ぼく、いってくる! マチュー・モデ作 ふしみみさを訳 出版 光村教育図書
「よーし、きめた!ぼく、いってくる!」と出かけることを決心した小鳥のぼく。
それを聞いたママは「寒いといけないから」とセーターを着せ、パパは「暗くなるといけないから」と懐中電灯を渡し、お腹がすくといけないから、雨が降るといけないから、暑くなるかもしれないからと、クッキーやら、傘やら、帽子やら、本やら、ラジオやら、心配したみんなにいろんなものを手渡されたものを抱えたままで、小さなぼくがやっと到着したのは・・・
とっても優しいお話なのに、オチもしっかりあります。子供向けのふわっとした優しいお話だと思って油断してたら、ちゃんとオチがあって、おおっ!と思いました笑
実は、翻訳の絵本というのはあまり好きじゃありません。
名作といわれるものはそもそも古いので翻訳の感じが古いのが苦手、比較的新しいものも、なんとなくそれを踏襲しているというか、「ああ、訳したんだろうな」というのが伝わってくる微妙な翻訳っぽさ。翻訳者も苦労していることだとは思うのですが・・・
でも、これくらいシンプルなものだと、そんなに意識しないで読めていいですね。
なんだか、とっても最近の日本の絵本って感じがしていたので、作者を見て外国の絵本だと知ってびっくりしました。

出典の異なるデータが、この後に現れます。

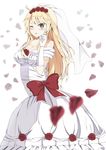  absurdres bad_id bad_twitter_id blonde_hair breasts bridal_veil dress elbow_gloves flower gloves grey_eyes highres iowa_(kantai_collection) kanikou kantai_collection large_breasts long_hair petals rose solo star star-shaped_pupils symbol-shaped_pupils veil wedding_dress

何を以て、僕が「最近の日本の絵本だな」と感じたのかと言うと、本のイラストの中の小ネタが仕込まれてるところ。
以前に紹介した、「うどん対ラーメン」には、うどんとラーメンが激しく戦う後ろでは、親子が遊んでいるシーンが何度もこっそり登場していて、最後のみんなで晩ごはんを食べているシーンでも、後ろで親子がご飯を食べています(書こうと思ってこのネタのことを触れるのを忘れていました)
そして「まないたにりょうりをあげないこと」でも、その後のシリーズには、前の作品の登場していたまないたや鍋が登場するという小ネタが仕込んであります。
「ぼく、いってくる!」でもこっそりとイラストに小ネタが隠されています。
よーく見ないとわからないのですが、小鳥のぼくが最後にやっと到着したところで、「アリ」が出てきます。

クッキーこぼすからアリが寄ってきたのかと思いきや・・・実は出発したときからアリは一緒についてきていて、どのページにもこっそり描かれています。むしろ表紙にまでこっそり登場しています。
こういう小ネタがあるので、なんだか最近の絵本に多いような書き込み方だなと思ったわけですが・・・
よく考えてみたら、海外からの流れが日本に影響してきた可能性も捨てきれません、本当のところはどうなんだろう?
でも、絵本においては、海外よりも国内のほうが発展してるように思うんだけどなぁ。
中国では、日本の絵本が爆売れしてるっていいますし(プレジデントオンラインのこの記事は大変おもしろかった)、なんとなくそんな気でいるんですが、誰か詳しい方ご存じないでしょうか? 知ってたら教えて下さい。